Group strings that are anagrams of each other. Snowflake asks this to test composite-key grouping — the same hashing pattern used in GROUP BY execution where you bucket rows by a normalized key.

By Alex Chen, Founder, InterviewChamp.AI · Last verified

Source citations

Public interview reports confirming this problem appears in Snowflake loops.

  • Glassdoor (2026-Q1)Snowflake execution-engine uses this as GROUP BY warm-up.
  • LeetCode Discuss (2025-12)Recurring at Snowflake new-grad onsites.

Problem

Given an array of strings strs, group the anagrams together. You can return the answer in any order.
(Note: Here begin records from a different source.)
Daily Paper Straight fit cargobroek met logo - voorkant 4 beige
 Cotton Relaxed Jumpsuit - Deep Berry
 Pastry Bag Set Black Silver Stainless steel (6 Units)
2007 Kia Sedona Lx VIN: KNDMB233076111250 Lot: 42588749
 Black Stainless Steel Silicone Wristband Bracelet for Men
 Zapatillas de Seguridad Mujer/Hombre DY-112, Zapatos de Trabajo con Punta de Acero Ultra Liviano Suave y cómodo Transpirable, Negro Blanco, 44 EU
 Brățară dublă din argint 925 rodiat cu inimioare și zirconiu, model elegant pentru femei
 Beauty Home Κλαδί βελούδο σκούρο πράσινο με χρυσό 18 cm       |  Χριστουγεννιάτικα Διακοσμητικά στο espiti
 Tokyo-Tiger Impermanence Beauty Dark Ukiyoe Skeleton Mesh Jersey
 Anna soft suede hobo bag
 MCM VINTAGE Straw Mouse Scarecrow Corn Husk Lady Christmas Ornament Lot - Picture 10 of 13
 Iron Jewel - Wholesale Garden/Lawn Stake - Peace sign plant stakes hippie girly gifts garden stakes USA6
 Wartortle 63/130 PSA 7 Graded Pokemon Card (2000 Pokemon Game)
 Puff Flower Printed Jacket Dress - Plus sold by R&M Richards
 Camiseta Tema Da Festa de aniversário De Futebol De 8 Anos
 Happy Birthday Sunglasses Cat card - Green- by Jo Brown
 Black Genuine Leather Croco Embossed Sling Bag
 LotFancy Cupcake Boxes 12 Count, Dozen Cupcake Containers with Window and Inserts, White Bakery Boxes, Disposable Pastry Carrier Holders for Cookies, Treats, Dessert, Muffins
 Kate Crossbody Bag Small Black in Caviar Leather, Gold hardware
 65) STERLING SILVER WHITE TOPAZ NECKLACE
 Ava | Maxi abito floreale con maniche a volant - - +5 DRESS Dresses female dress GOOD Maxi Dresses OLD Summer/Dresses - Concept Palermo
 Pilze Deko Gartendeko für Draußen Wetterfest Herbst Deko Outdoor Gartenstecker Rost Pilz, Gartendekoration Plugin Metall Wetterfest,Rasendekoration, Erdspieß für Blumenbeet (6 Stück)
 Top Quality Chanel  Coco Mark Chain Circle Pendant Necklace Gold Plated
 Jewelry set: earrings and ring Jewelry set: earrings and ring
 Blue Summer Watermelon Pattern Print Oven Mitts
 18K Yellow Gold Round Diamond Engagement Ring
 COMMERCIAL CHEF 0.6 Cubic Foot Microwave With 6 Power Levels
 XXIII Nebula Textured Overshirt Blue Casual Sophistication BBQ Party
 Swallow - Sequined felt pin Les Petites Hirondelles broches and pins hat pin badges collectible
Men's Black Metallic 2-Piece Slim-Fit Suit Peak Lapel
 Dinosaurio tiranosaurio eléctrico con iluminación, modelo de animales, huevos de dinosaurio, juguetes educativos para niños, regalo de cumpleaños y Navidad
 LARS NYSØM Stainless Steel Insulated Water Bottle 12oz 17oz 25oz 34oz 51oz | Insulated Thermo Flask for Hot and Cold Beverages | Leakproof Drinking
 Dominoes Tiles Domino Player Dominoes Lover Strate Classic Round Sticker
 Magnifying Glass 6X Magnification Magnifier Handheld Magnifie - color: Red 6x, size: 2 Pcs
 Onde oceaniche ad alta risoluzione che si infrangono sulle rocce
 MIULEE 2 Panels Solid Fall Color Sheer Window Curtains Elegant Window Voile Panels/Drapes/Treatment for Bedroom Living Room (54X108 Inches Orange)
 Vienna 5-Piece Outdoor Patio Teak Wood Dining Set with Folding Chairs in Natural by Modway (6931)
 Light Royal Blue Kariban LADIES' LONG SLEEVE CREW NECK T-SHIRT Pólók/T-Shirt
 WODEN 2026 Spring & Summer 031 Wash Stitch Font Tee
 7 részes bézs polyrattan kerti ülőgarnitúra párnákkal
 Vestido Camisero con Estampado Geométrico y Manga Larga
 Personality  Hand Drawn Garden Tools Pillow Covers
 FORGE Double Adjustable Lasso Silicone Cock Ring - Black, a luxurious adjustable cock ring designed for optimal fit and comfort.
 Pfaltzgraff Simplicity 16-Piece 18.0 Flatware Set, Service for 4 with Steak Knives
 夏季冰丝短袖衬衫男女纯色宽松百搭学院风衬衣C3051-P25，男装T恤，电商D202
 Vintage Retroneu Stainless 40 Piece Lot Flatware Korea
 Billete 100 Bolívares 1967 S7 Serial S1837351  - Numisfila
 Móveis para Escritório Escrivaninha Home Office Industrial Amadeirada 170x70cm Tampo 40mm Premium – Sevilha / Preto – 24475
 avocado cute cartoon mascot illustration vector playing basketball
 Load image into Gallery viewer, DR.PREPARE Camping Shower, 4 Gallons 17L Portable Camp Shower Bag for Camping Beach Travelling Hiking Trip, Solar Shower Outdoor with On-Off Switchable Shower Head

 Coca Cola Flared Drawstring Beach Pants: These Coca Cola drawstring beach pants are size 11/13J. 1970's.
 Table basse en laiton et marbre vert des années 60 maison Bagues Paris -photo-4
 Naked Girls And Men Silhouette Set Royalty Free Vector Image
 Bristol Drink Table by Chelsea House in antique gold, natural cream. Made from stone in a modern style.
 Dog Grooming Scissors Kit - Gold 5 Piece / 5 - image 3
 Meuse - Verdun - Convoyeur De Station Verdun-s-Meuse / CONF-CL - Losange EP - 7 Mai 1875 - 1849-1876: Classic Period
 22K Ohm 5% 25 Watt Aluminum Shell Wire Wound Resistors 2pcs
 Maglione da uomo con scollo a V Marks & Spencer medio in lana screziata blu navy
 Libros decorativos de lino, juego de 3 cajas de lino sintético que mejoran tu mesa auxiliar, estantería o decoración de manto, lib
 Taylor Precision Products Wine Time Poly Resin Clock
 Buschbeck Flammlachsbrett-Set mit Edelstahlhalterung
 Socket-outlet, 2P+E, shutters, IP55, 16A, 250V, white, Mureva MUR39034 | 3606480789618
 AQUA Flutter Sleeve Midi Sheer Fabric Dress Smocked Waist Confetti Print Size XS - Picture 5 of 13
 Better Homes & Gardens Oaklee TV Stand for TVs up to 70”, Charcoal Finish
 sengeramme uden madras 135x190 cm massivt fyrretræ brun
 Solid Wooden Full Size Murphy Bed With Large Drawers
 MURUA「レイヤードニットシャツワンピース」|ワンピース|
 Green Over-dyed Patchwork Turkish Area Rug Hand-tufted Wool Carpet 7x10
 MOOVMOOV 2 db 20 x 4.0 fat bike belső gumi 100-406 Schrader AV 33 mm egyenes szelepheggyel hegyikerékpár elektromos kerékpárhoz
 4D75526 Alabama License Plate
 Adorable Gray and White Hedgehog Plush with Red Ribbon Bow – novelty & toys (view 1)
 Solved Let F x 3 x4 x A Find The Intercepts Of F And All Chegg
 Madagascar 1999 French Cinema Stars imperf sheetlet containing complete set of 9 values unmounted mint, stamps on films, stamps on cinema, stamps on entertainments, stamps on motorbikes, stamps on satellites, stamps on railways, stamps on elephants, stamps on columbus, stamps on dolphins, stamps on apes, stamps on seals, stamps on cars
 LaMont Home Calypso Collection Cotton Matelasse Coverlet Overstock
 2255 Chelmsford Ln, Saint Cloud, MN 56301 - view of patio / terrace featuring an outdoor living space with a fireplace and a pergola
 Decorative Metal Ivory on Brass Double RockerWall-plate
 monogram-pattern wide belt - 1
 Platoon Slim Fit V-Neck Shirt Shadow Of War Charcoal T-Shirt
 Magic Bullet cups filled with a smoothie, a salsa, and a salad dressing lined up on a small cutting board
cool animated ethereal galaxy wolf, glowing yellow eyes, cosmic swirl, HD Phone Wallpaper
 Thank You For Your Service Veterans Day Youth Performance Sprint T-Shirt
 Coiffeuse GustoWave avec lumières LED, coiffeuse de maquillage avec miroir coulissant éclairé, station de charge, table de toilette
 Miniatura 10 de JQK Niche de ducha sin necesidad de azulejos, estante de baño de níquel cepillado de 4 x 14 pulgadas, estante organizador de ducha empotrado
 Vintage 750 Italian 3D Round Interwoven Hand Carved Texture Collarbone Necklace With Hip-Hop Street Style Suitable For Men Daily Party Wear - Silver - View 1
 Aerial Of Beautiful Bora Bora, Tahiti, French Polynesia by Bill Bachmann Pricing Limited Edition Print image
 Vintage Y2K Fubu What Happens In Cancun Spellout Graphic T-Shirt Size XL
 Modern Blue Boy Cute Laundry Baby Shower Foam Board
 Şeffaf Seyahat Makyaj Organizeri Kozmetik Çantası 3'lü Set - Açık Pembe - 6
An Anagram is a word or phrase formed by rearranging the letters of a different word or phrase, typically using all the original letters exactly once.

Constraints

  • 1 <= strs.length <= 10^4
  • 0 <= strs[i].length <= 100
  • strs[i] consists of lowercase English letters.

Examples

Example 1

Input
strs = ["eat","tea","tan","ate","nat","bat"]
Output
[["bat"],["nat","tan"],["ate","eat","tea"]]

Example 2

Input
strs = [""]
Output
[[""]]

Example 3

Input
strs = ["a"]
Output
[["a"]]

Approaches

1. Pairwise anagram check

For each string, scan existing groups; if any member is an anagram, append; else start new group.

Time
O(n^2 * k)
Space
O(n * k)
function groupAnagrams(strs) {
  const groups = [];
  for (const s of strs) {
    let placed = false;
    for (const g of groups) {
      if (isAnagram(s, g[0])) { g.push(s); placed = true; break; }
    }
    if (!placed) groups.push([s]);
  }
  return groups;
  function isAnagram(a, b) {
    if (a.length !== b.length) return false;
    const cnt = new Array(26).fill(0);
    for (const c of a) cnt[c.charCodeAt(0) - 97]++;
    for (const c of b) cnt[c.charCodeAt(0) - 97]--;
    return cnt.every(x => x === 0);
  }
}

Tradeoff: Quadratic in number of strings. Don't ship.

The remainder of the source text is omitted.